I have one hen that's 10, and 2 others that are 9. The 2 9 year olds are Polish and lay an egg every other day.


----------



## seminole wind (Aug 22, 2015)

She got a week of Lincomycin and still limps. Now she will be on 5 days of injectable Tylan. If that doesn't work I would say it's viral arthritis (they have other names for it). I would not know how it got here. But she's #3 limper. She will be sent to a lab when it's time, Jim, because I can't say it's not Marek's related. But she's 6 years old and was vaccinated.


----------



## dawg53 (Aug 25, 2015)

I hope it's not Mycoplasma Synoviae (MS) or Staph arthritis. I only say that because you mentioned she was #3.


----------



## chickenqueen (Jan 9, 2016)

I hope you find your answers.I hate diagnosing diseases but it does sound like something is going on.I wish I could be more helpful.


----------



## seminole wind (Aug 22, 2015)

dawg53 said:


> I hope it's not Mycoplasma Synoviae (MS) or Staph arthritis. I only say that because you mentioned she was #3.

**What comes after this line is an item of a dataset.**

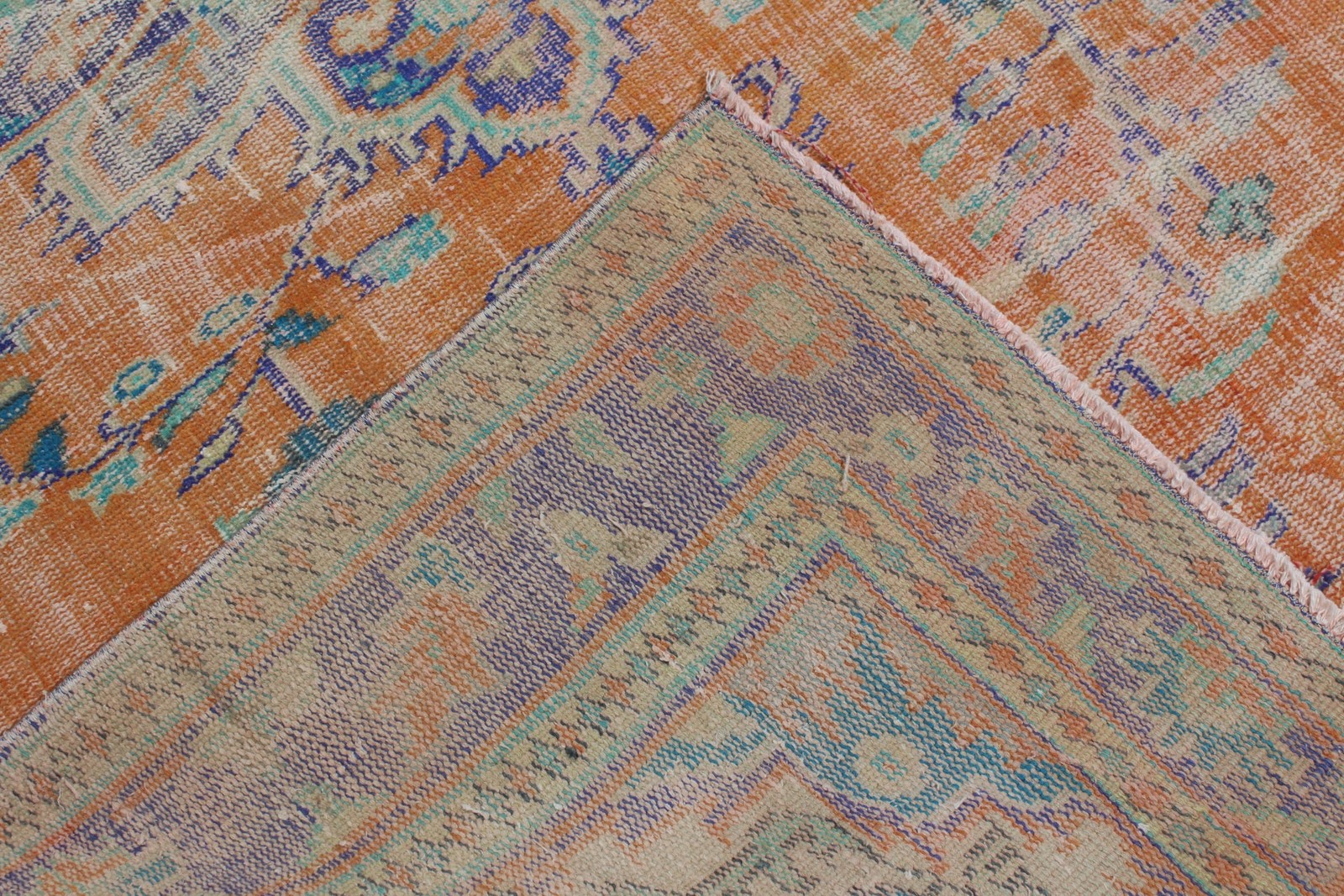 Turkish Vintage Rug 5,9×9,5 ft (180×290 cm), Orange Blue Oriental Rug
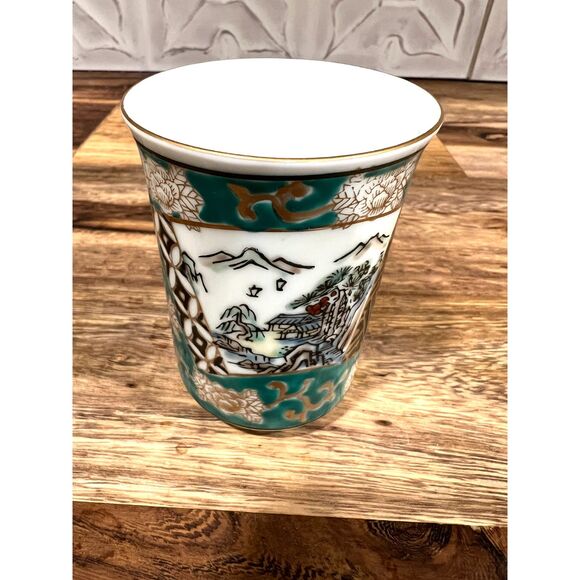 Vintage Hand Painted Imari Japan Lidded Yunomi Tea Cup & Saucer Turquoise Gold - Picture 3 of 9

That would have been my 2nd guess. 
All 3 of those limpers are from different flocks. 2 are the same breed but different ages and bought at different hatcheries.


----------



## dawg53 (Aug 25, 2015)

Karen. Mike dealt with a foot staph infection with a rooster. Maybe he'll check in again with comparisons.


----------



## seminole wind (Aug 22, 2015)

dawg53 said:


> I hope it's not Mycoplasma Synoviae (MS) or Staph arthritis. I only say that because you mentioned she was #3.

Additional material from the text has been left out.